We continued past the bear park and I had oriented myself to make an educated guess that, if we kept going, we’d come to a river crossing that would bring us up back outside our hostel. It was increasingly wooded as we walked along the river and, sticking as close to the river as possible, we headed towards a large weir at the Dalmaziquai. We could now see the hostel on the other side and continued along until we reached a bridge to cross and then headed in to grab our bags and settle in to our room.
Bern is a medieval city and you can sense it walking around. We’d noticed a change in architecture when we left Innsbruck and were heading into Switzerland. Mostly it was a change in colors used on buildings that was most noticeable but also we started to notice the gingerbread-style wood on houses, and the inevitable balconies everywhere. Walking around Bern you can see a real assortment of old and new.
There are covered walkways all over the place, giving the city a feeling of nooks and crannies. It was the one day I had hoped for rain, since it would have been fun to explore the city under the many covered sidewalks. The streets are all higgledy piggledy as well, rarely going straight or connecting in any sort of noticeable grid. At the same time, it was easy to navigate. I found that we arrived far sooner at our destination, a feeling perhaps made stronger by passing so many alleyways and little offshoots.

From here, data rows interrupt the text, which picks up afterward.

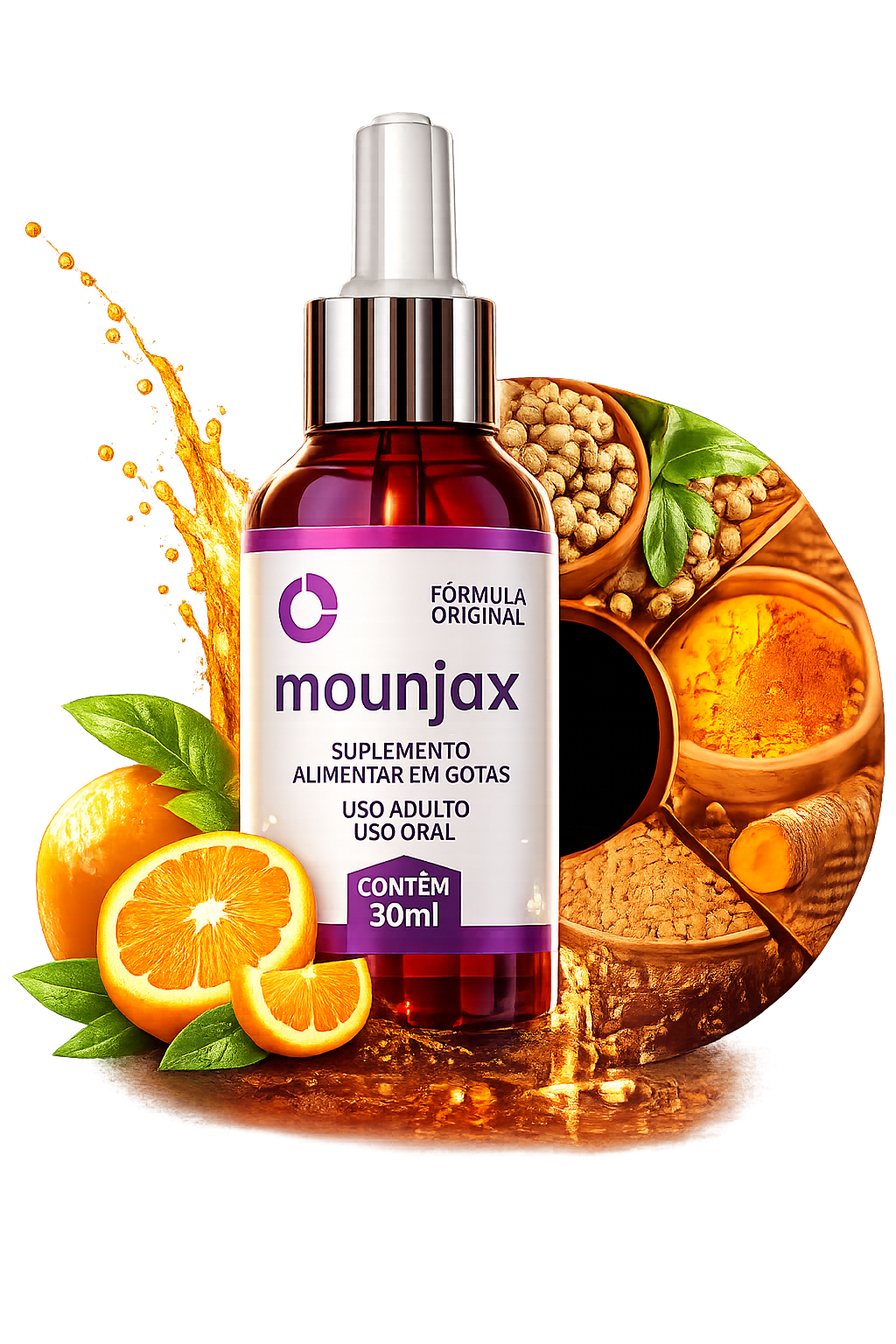 Mounjax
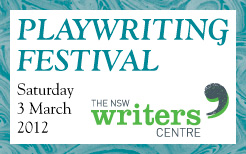 NSW Writers Centre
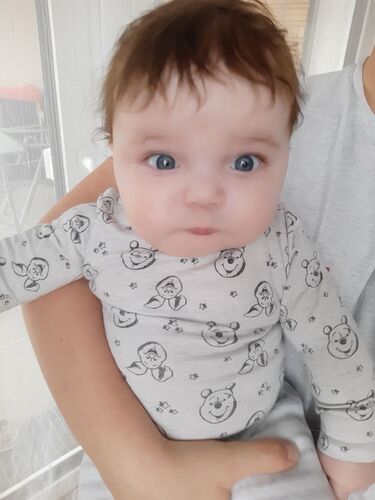 Das süßeste Babyfoto - Tobias  aus Vöcklabruck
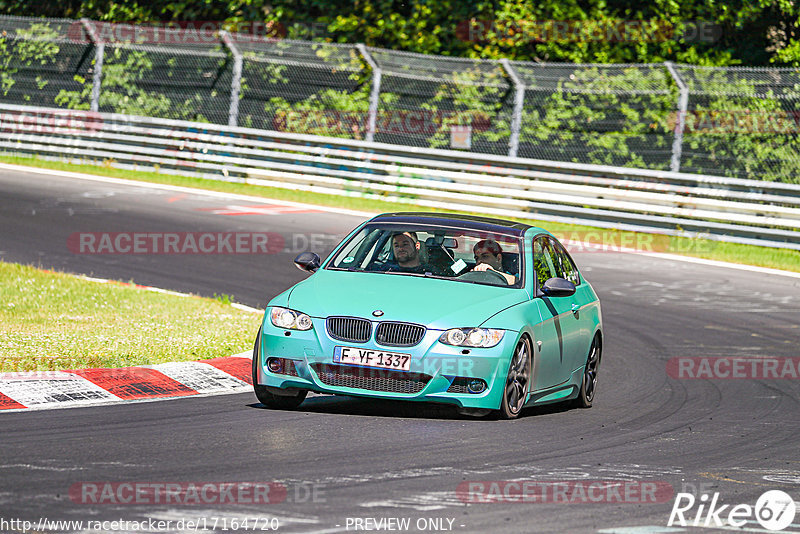 Bild #17164720 - Touristenfahrten Nürburgring Nordschleife (12.06.2022)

We had a bit of a rest – and our eldest tried out the piano in the common room much to our amusement – before heading back up to the city. The other sight we had wanted to take in was the Zytglogge. Like the clock in Munich’s Marienplatz, the Bern clock had figures that moved on the hour. We headed up the hill at 5:30 to see the clock at 6 and then to find dinner.
By now we had decided to use the funicular to go up the hill and to walk down on our own power! Even for such a short ride – and for 5€ a bit pricey for the five of us – it was still fun to watch the other, very narrow car come down the hill and, just before we collided, veer to one side or the other as we continued up to the top.
The clock was worth seeing although it felt quite touristy to be standing with a small crowd of people looking at the clock. Early morning would probably be better, as the sun was setting on the opposite side of the clock tower at 6pm and natural light would have made it easier to see what was going on. You first get a sense that something is happening when the small rooster by the clock face hoots like some rather ailing kazoo. Then a moment passes and the figures move. Then the rooster again and the clock chimes – there is a golden figure at the top of the tower with a hammer that rings the hour – and the figures move again. Then there is another pause and the rooster hoots once more.
We continued down the street and looked in at the Münster. It is under repair or renovation at the moment but we loved the gargoyles in the front as well as the depiction of heaven and hell over the front doors.
No sugar coating what happens to the unbeliever (or believer who sins!) in this place! We found that most of the restaurants had now closed or, if they were open, were more geared to the alcohol drinking adults than to families.
We decided we would picnic and found a small convenience store near the train station and grabbed some food. It was the typical European fare that we had found everywhere: bread, cheese, meat, and something sweet for after! We found a lovely cheese called St. Paulin that had a nice flavor and the firmness of a Gouda. Our eldest son, the cheese aficionado, wolfed it down! We sat on picnic benches by the Aare in a park across from the hostel, as the sun went down. Soon it was quite cold and, after a quick run around the park in a game of chase, we all headed back to the hostel and to bed.
Tomorrow we would have a slow start and then be on the road for our final destination: Paris.